* _WORK ORDER_
No pictures go into the copy. Write out every line below exactly.

* _MATERIAL PROVIDED_
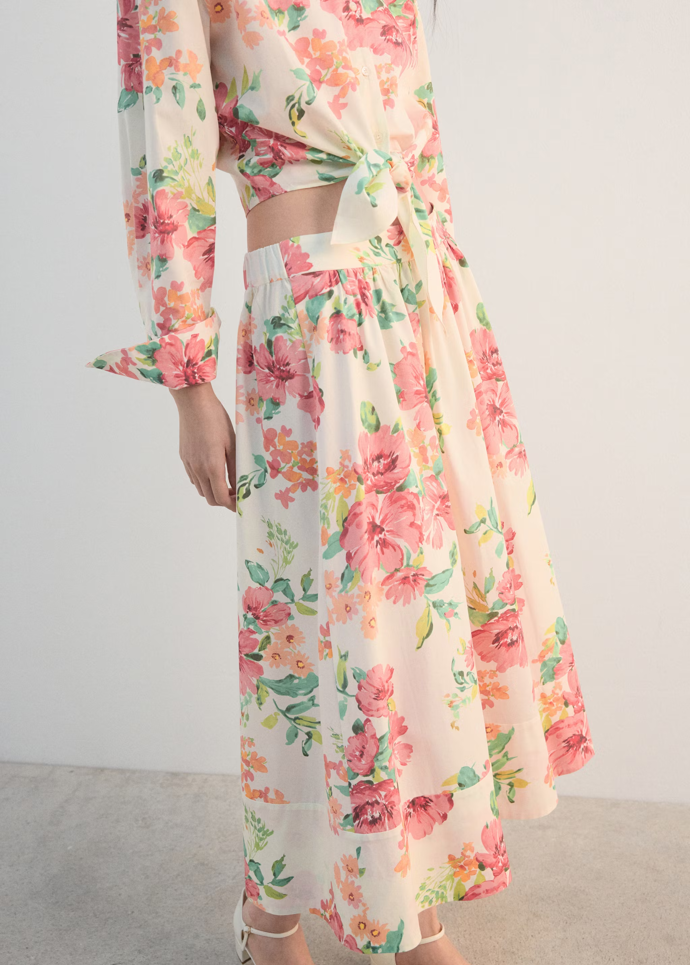 Květovaná košile s uzlem a midi sukně, Mango, košile 1299 Kč, sukně 1399 Kč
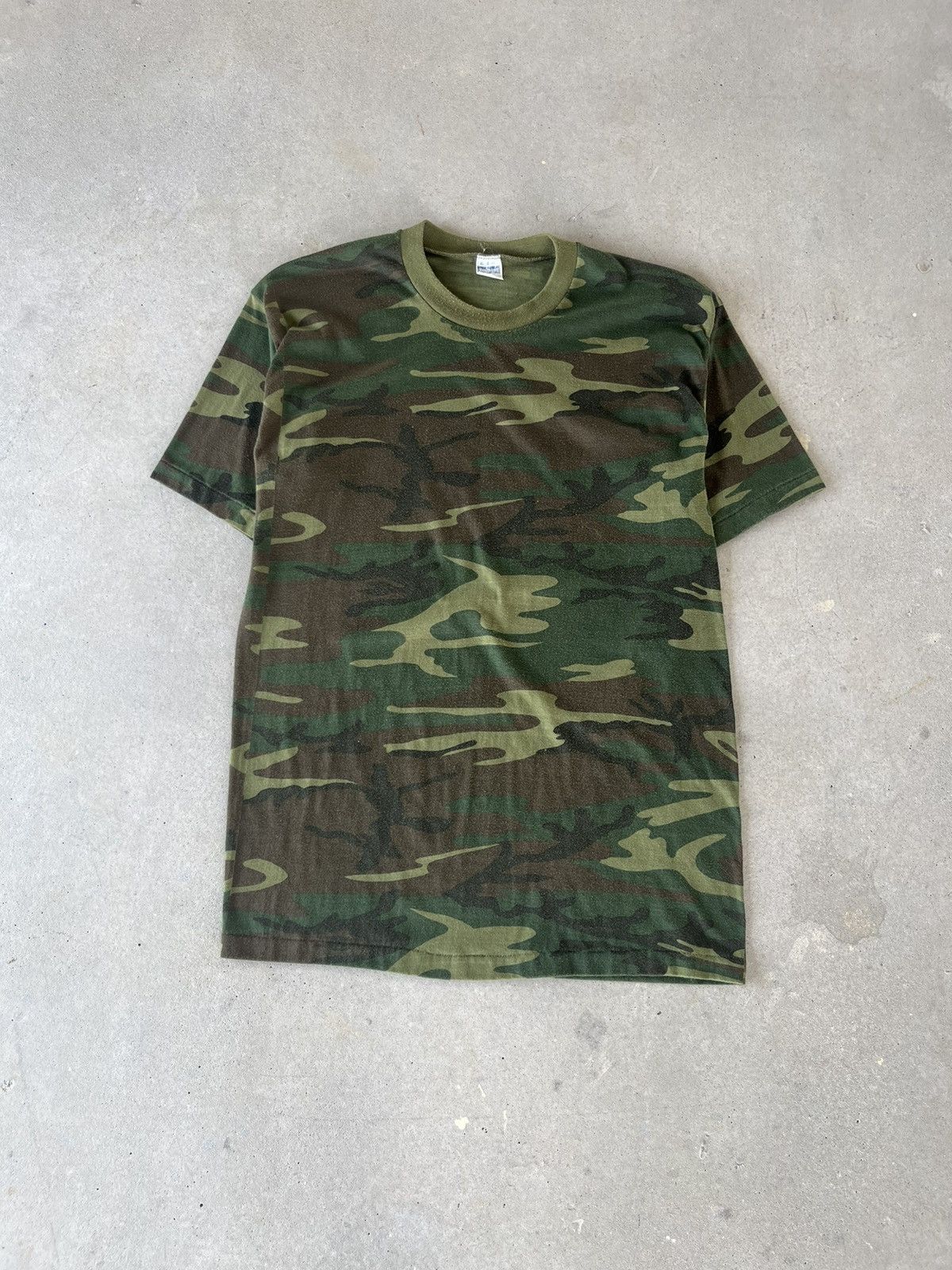Vintage Vintage 80’s Woodland Camo T-Shirt Size US L / EU 52-54 / 3 - 1 Thumbnail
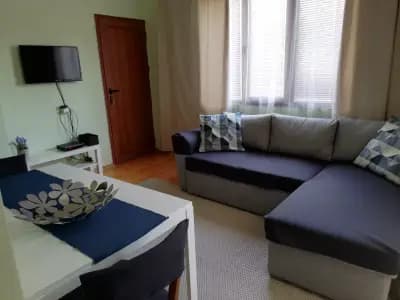 Red Peppers Apartment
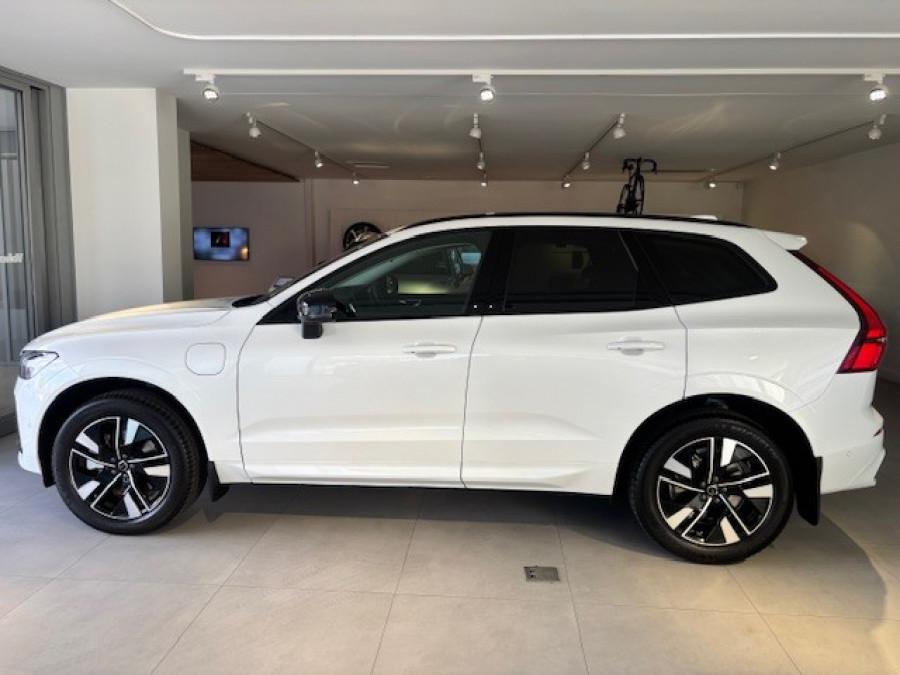 2025 MY26 Volvo XC60 UZ Plus T8 Plug-in Hybrid Dark SUV Image 3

* _RESULT OF THIS TASK_
 Květovaná košile s uzlem a midi sukně, Mango, košile 1299 Kč, sukně 1399 Kč
Vintage Vintage 80’s Woodland Camo T-Shirt Size US L / EU 52-54 / 3 - 1 Thumbnail
 Red Peppers Apartment
 2025 MY26 Volvo XC60 UZ Plus T8 Plug-in Hybrid Dark SUV Image 3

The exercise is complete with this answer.